EXERCISE DATA Block Start

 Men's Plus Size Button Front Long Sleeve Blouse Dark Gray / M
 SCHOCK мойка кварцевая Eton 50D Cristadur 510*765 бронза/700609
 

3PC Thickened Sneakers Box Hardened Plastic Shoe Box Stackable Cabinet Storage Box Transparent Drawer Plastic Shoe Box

EXERCISE DATA Block End
EXERCISE DATA Block Start

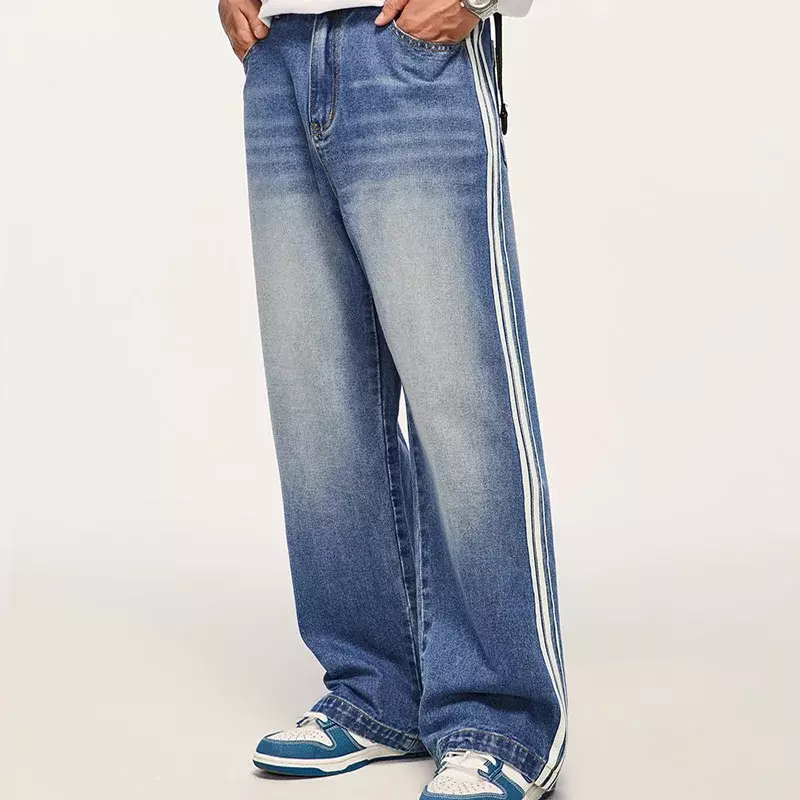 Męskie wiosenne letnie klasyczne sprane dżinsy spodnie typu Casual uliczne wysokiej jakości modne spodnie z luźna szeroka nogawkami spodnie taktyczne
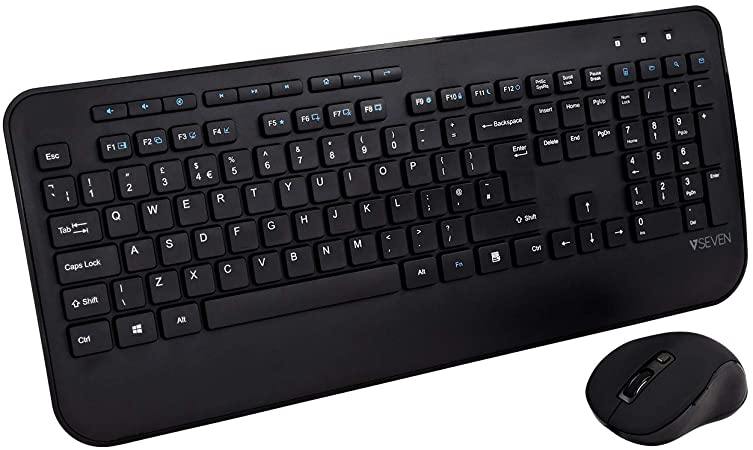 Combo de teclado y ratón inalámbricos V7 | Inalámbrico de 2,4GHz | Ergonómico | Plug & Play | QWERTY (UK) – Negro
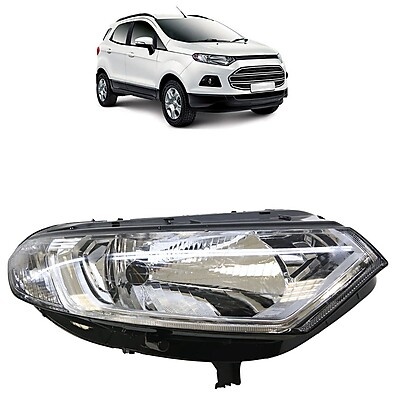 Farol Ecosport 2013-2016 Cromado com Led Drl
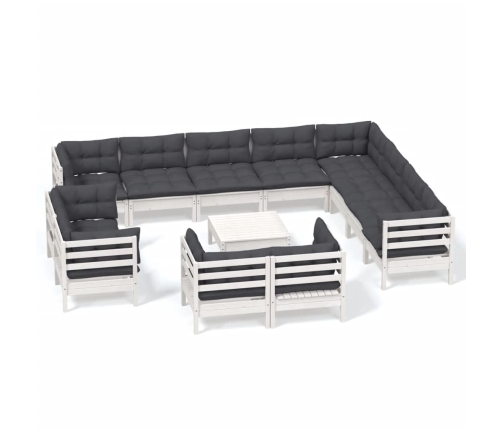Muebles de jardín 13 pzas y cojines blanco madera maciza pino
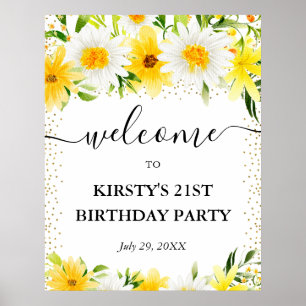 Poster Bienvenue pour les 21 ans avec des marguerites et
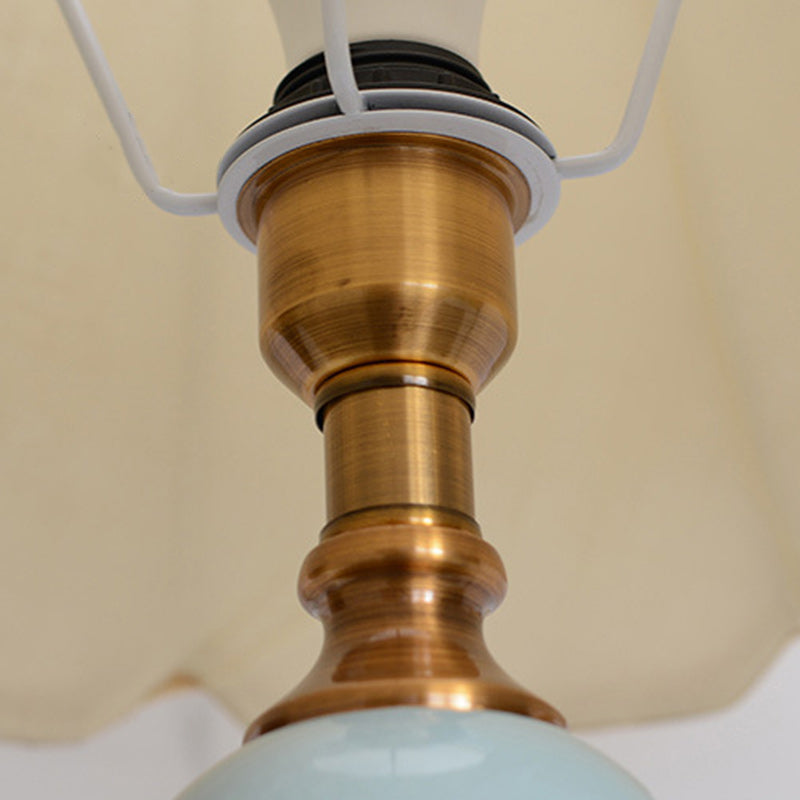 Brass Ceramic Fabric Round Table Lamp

EXERCISE DATA Block End

▶ **REQUIRED ACTION**:
With the pictures omitted, print the lines above exactly, beginning at the line with "Męskie wiosenne letnie" and going on through the line with "Brass Ceramic Fabric Round Table Lamp".

▶ **RESPONSE**:
 Męskie wiosenne letnie klasyczne sprane dżinsy spodnie typu Casual uliczne wysokiej jakości modne spodnie z luźna szeroka nogawkami spodnie taktyczne
 Combo de teclado y ratón inalámbricos V7 | Inalámbrico de 2,4GHz | Ergonómico | Plug & Play | QWERTY (UK) – Negro
 Farol Ecosport 2013-2016 Cromado com Led Drl
Muebles de jardín 13 pzas y cojines blanco madera maciza pino
 Poster Bienvenue pour les 21 ans avec des marguerites et
 Brass Ceramic Fabric Round Table Lamp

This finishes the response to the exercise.